Friday 25 July | 2014
Finish your wheat shot, squeeze into those leggings and break out the yoga mat – today’s brunch inspiration comes from the casually glamorous, fitness and beauty crazed, Paleo worshipping folk of Los Angeles. Okay so not everyone in Los Angeles fits that description… but what is real is the nutrition punch that these Bliss Balls deliver, perfect for snacking or a breakfast boost on your way to work.
These mini protein packs are a great way to use up your superfood supplies, relying on dried fruit, nuts and seeds to deliver a balanced little multi-vitamin.
One Bliss Ball provides 5g of protein and almost 20% of your daily fibre needs, along with a quarter of your daily magnesium requirements, around 15% of your daily Vitamin E and Zinc, and up to 10% of your recommended iron intake.
Cinnamon provides an antioxidant hit, alongside medicinal Manuka honey for a supercharged morning fix.
100g pitted dates
100g pitted prunes
100g dried figs, tough stems removed
2 tbsp chia seeds
2 tbsp pumpkin seeds
1 tbsp smashed linseed
1 tbsp Manuka honey
1 tbsp coconut oil
1 tsp cinnamon
Dessicated coconut for rolling
Preheat the oven to 150°C and lightly toast the almonds and cashews.
Process the dates, prunes, and figs in a food processor with the coconut oil until the mixture is very finely chopped or almost smooth – a little further than in the image shown.

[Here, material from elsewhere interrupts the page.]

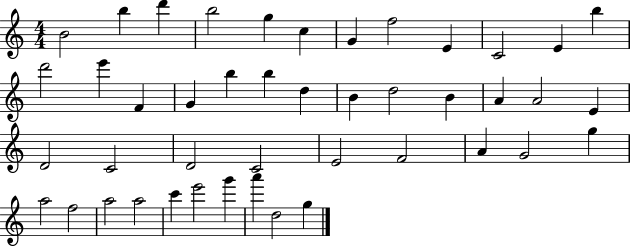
B4/h B5/q D6/q B5/h G5/q C5/q G4/q F5/h E4/q C4/h E4/q B5/q D6/h E6/q F4/q G4/q B5/q B5/q D5/q B4/q D5/h B4/q A4/q A4/h E4/q D4/h C4/h D4/h C4/h E4/h F4/h A4/q G4/h G5/q A5/h F5/h A5/h A5/h C6/q E6/h G6/q A6/q D5/h G5/q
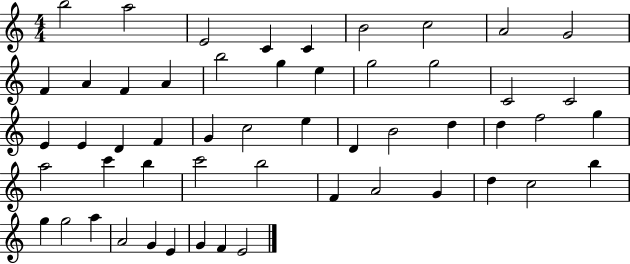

Transfer to a large mixing bowl.
Process the toasted almonds, cashew nuts and pumpkin seeds in the food processor, then add to the fruit mixture. Gently melt the Manuka honey over a low heat (to retain the honey’s special properties), then add to the bowl with the linseed, chia seeds and cinnamon.
Mix well before shaping into about 12 balls and rolling in coconut. If the mixture is not holding together, return it to the food processor and blitz again.
Store in an airtight container in the fridge for up to two weeks, as keeping these little power packs cool improves their texture and cuts some of their sweetness. Enjoy!
Either blanched almonds or whole almonds with skin can be used for this recipe, with whole almonds offering more fibre.
Chia seeds are available in specialty heath food stores and while they are expensive, one package will go a long way.
The nutrients in linseed are more easily absorbed if it is smashed. Putting regular linseed in a food processor for a few seconds creates the same product.
Manuka honey is native New Zealand honey that makes regular honey taste like sugar syrup, and also has scientifically supported medicinal properties.
Coconut oil is a newly recognised health food product that is flavourless, for a substitute you could try macadamia or avocado oil.